### Aim of the exercise
The expected output is the data below, restated word for word.
# # # # # # #
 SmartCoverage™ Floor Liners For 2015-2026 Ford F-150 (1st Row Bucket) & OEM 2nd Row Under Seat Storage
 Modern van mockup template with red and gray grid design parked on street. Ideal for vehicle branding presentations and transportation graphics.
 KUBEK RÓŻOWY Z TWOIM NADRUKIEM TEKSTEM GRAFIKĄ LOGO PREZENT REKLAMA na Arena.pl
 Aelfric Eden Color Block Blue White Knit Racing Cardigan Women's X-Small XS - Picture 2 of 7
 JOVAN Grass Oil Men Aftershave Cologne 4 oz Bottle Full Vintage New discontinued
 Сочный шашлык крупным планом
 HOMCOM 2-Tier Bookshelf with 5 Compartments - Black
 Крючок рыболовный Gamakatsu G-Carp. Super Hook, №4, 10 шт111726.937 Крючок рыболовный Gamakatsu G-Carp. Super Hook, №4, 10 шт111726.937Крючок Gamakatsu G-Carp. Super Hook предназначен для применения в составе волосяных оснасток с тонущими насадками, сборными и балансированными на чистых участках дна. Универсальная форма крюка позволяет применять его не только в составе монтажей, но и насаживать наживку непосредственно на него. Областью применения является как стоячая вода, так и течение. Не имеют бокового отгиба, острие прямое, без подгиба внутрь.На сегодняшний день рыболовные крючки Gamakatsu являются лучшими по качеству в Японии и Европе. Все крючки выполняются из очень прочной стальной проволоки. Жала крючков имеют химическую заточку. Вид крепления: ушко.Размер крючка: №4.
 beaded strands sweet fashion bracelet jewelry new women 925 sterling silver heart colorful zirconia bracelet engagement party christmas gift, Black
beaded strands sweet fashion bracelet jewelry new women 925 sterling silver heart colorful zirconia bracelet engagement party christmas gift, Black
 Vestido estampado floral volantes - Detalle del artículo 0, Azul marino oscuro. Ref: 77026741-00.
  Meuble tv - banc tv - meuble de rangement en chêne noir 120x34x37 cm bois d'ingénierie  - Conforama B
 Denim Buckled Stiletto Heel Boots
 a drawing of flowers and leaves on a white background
# # # # # # #
### Exercise response
 SmartCoverage™ Floor Liners For 2015-2026 Ford F-150 (1st Row Bucket) & OEM 2nd Row Under Seat Storage
 Modern van mockup template with red and gray grid design parked on street. Ideal for vehicle branding presentations and transportation graphics.
 KUBEK RÓŻOWY Z TWOIM NADRUKIEM TEKSTEM GRAFIKĄ LOGO PREZENT REKLAMA na Arena.pl
 Aelfric Eden Color Block Blue White Knit Racing Cardigan Women's X-Small XS - Picture 2 of 7
 JOVAN Grass Oil Men Aftershave Cologne 4 oz Bottle Full Vintage New discontinued
 Сочный шашлык крупным планом
 HOMCOM 2-Tier Bookshelf with 5 Compartments - Black
 Крючок рыболовный Gamakatsu G-Carp. Super Hook, №4, 10 шт111726.937 Крючок рыболовный Gamakatsu G-Carp. Super Hook, №4, 10 шт111726.937Крючок Gamakatsu G-Carp. Super Hook предназначен для применения в составе волосяных оснасток с тонущими насадками, сборными и балансированными на чистых участках дна. Универсальная форма крюка позволяет применять его не только в составе монтажей, но и насаживать наживку непосредственно на него. Областью применения является как стоячая вода, так и течение. Не имеют бокового отгиба, острие прямое, без подгиба внутрь.На сегодняшний день рыболовные крючки Gamakatsu являются лучшими по качеству в Японии и Европе. Все крючки выполняются из очень прочной стальной проволоки. Жала крючков имеют химическую заточку. Вид крепления: ушко.Размер крючка: №4.
 beaded strands sweet fashion bracelet jewelry new women 925 sterling silver heart colorful zirconia bracelet engagement party christmas gift, Black
beaded strands sweet fashion bracelet jewelry new women 925 sterling silver heart colorful zirconia bracelet engagement party christmas gift, Black
 Vestido estampado floral volantes - Detalle del artículo 0, Azul marino oscuro. Ref: 77026741-00.
  Meuble tv - banc tv - meuble de rangement en chêne noir 120x34x37 cm bois d'ingénierie  - Conforama B
 Denim Buckled Stiletto Heel Boots
 a drawing of flowers and leaves on a white background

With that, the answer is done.